All that should appear is the run of lines from the one containing "Vanity Textured Geometric" through the end of the records, each repeated exactly.

[Start of section]

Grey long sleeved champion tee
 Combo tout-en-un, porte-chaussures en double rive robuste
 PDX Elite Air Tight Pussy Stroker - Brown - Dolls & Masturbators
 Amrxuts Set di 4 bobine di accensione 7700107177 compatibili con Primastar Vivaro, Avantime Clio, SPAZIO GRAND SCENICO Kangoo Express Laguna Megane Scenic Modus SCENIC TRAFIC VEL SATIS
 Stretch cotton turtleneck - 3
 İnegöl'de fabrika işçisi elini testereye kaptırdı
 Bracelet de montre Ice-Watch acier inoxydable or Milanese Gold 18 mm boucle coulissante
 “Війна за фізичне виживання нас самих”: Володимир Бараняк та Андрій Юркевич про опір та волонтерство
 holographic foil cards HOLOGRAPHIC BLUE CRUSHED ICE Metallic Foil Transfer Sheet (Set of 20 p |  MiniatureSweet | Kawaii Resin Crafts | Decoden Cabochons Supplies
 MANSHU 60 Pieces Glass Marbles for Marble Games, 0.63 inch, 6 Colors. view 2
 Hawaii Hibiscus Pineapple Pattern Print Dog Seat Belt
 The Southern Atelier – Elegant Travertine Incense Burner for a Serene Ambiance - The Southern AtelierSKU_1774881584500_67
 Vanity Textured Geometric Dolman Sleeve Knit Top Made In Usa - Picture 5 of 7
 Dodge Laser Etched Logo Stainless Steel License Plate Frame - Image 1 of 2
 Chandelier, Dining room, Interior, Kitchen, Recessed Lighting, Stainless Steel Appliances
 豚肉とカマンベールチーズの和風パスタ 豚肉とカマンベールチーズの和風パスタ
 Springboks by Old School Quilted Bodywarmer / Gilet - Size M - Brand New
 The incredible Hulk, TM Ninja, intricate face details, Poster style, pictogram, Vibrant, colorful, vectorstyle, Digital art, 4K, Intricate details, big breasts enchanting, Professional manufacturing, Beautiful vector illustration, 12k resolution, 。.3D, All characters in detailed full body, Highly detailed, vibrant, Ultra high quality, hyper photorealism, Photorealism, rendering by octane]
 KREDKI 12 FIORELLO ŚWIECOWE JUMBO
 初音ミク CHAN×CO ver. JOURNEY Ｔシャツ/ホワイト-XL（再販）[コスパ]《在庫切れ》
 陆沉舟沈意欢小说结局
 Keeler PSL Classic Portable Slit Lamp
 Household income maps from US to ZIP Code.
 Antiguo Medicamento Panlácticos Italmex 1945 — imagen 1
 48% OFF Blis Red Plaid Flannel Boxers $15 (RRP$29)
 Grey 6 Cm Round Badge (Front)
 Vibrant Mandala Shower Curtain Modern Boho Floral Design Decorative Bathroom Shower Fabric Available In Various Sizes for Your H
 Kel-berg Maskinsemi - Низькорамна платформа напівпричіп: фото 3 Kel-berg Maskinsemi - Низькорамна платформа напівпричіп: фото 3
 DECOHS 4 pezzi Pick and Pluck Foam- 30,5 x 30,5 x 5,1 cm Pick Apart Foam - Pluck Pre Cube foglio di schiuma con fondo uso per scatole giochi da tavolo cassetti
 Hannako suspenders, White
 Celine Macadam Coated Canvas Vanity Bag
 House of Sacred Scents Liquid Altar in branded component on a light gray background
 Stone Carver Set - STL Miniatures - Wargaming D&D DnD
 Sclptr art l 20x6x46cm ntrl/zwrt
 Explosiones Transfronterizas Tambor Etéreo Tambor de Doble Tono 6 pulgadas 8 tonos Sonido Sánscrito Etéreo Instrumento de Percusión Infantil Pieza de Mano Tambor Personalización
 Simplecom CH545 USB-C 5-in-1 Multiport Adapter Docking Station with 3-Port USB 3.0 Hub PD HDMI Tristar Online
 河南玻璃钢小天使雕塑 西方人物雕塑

[End of section]

ANSWER FOR THE TASK
 Vanity Textured Geometric Dolman Sleeve Knit Top Made In Usa - Picture 5 of 7
 Dodge Laser Etched Logo Stainless Steel License Plate Frame - Image 1 of 2
 Chandelier, Dining room, Interior, Kitchen, Recessed Lighting, Stainless Steel Appliances
 豚肉とカマンベールチーズの和風パスタ 豚肉とカマンベールチーズの和風パスタ
 Springboks by Old School Quilted Bodywarmer / Gilet - Size M - Brand New
 The incredible Hulk, TM Ninja, intricate face details, Poster style, pictogram, Vibrant, colorful, vectorstyle, Digital art, 4K, Intricate details, big breasts enchanting, Professional manufacturing, Beautiful vector illustration, 12k resolution, 。.3D, All characters in detailed full body, Highly detailed, vibrant, Ultra high quality, hyper photorealism, Photorealism, rendering by octane]
 KREDKI 12 FIORELLO ŚWIECOWE JUMBO
 初音ミク CHAN×CO ver. JOURNEY Ｔシャツ/ホワイト-XL（再販）[コスパ]《在庫切れ》
 陆沉舟沈意欢小说结局
 Keeler PSL Classic Portable Slit Lamp
 Household income maps from US to ZIP Code.
 Antiguo Medicamento Panlácticos Italmex 1945 — imagen 1
 48% OFF Blis Red Plaid Flannel Boxers $15 (RRP$29)
 Grey 6 Cm Round Badge (Front)
 Vibrant Mandala Shower Curtain Modern Boho Floral Design Decorative Bathroom Shower Fabric Available In Various Sizes for Your H
 Kel-berg Maskinsemi - Низькорамна платформа напівпричіп: фото 3 Kel-berg Maskinsemi - Низькорамна платформа напівпричіп: фото 3
 DECOHS 4 pezzi Pick and Pluck Foam- 30,5 x 30,5 x 5,1 cm Pick Apart Foam - Pluck Pre Cube foglio di schiuma con fondo uso per scatole giochi da tavolo cassetti
 Hannako suspenders, White
 Celine Macadam Coated Canvas Vanity Bag
 House of Sacred Scents Liquid Altar in branded component on a light gray background
 Stone Carver Set - STL Miniatures - Wargaming D&D DnD
 Sclptr art l 20x6x46cm ntrl/zwrt
 Explosiones Transfronterizas Tambor Etéreo Tambor de Doble Tono 6 pulgadas 8 tonos Sonido Sánscrito Etéreo Instrumento de Percusión Infantil Pieza de Mano Tambor Personalización
 Simplecom CH545 USB-C 5-in-1 Multiport Adapter Docking Station with 3-Port USB 3.0 Hub PD HDMI Tristar Online
 河南玻璃钢小天使雕塑 西方人物雕塑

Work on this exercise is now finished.